I have a dataset of web browsing histories for users visiting a particular website over a period of time (say the last 90 days). Each user has a unique ID and several records showing when he/she visited a particular page on the website.
It looks like follow:
UserID,Timestamp,Path U_1,2017-01-24 12:05:43,/sport/rugby/article_title U_1,2017-01-24 12:06:56,/sport/football/article_title U_1,2017-01-24 15:26:12,/finance/local/article_title ...... I do not have access to the content of the articles, I just know the path to the article.
My goal is to build a classifier to predict if a user will take an action or not.

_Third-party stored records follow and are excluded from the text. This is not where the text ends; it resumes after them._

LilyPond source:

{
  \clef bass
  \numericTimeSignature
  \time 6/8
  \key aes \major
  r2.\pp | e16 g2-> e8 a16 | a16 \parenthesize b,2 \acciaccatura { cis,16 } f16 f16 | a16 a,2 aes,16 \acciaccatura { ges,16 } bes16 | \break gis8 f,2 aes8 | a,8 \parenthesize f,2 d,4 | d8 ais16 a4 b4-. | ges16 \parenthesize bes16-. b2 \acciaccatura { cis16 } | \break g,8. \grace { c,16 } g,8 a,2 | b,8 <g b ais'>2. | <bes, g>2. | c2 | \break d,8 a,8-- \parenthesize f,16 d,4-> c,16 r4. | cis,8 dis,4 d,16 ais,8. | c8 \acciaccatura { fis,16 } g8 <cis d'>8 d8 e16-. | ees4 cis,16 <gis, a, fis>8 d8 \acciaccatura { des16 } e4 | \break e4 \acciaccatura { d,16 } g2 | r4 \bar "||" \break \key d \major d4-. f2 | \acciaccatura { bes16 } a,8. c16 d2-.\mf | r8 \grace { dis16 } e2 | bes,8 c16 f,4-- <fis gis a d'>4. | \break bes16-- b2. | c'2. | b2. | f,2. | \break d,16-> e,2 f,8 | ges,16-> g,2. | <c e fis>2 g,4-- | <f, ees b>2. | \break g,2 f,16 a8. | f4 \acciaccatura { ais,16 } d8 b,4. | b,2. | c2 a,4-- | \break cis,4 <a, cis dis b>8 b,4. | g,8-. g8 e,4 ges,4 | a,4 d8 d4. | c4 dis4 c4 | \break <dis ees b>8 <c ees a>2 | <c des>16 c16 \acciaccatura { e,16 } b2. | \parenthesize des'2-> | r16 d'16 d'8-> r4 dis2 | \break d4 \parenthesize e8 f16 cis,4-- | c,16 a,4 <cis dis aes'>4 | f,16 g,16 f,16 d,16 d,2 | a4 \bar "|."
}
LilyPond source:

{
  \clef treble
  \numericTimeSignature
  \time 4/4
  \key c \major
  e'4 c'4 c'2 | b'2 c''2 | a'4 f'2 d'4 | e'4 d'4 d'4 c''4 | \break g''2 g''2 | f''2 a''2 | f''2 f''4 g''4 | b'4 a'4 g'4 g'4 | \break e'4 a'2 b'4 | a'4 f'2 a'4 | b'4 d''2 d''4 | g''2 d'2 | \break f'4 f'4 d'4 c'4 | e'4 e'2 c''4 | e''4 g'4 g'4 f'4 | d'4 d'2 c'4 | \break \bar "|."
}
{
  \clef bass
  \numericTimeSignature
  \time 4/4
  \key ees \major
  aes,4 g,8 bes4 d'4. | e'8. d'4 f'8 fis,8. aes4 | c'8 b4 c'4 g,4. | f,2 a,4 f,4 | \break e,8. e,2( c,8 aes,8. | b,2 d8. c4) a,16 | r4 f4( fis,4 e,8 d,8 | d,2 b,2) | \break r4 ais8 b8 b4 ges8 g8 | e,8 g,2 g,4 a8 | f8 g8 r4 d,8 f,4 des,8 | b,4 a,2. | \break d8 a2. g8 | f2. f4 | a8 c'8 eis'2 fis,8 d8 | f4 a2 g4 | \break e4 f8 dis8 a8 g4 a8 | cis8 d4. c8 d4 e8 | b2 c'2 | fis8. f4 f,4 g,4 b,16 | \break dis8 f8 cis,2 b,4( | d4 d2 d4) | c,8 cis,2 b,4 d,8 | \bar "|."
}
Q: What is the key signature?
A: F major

So I need to extract features from each user data.
Suppose that I have ground-truth information associated with each user, indicating when a user did the action.
My first guess is to aggregate all the records of each user and extract frequency features (hashing TF) from each level of the path.
So for demonstration, a particular user might visit the /sport category 5 times (first level category), and the /sport/football category 3 times (second level category), and the /sport/rugby 2 times (second level category).
So for each user I will have a feature vector representing the frequency of the first level categories, and another one for the second level categories and so on.
I can now train a classifier for each feature vector and do a late fusion of the results, or I can concatenate (early fusion) the different features and train a single classifier.
I can also extract the terms from the article titles and build a TFIDF feature.
What I am trying now is to extract the features from the N days proceeding taking the actions for the positive samples, and randomly select N consequent days from negative users.
What are the possible other features that I can extract, and is there any better ML techniques to use in order to model and learn the user web browsing behaviour?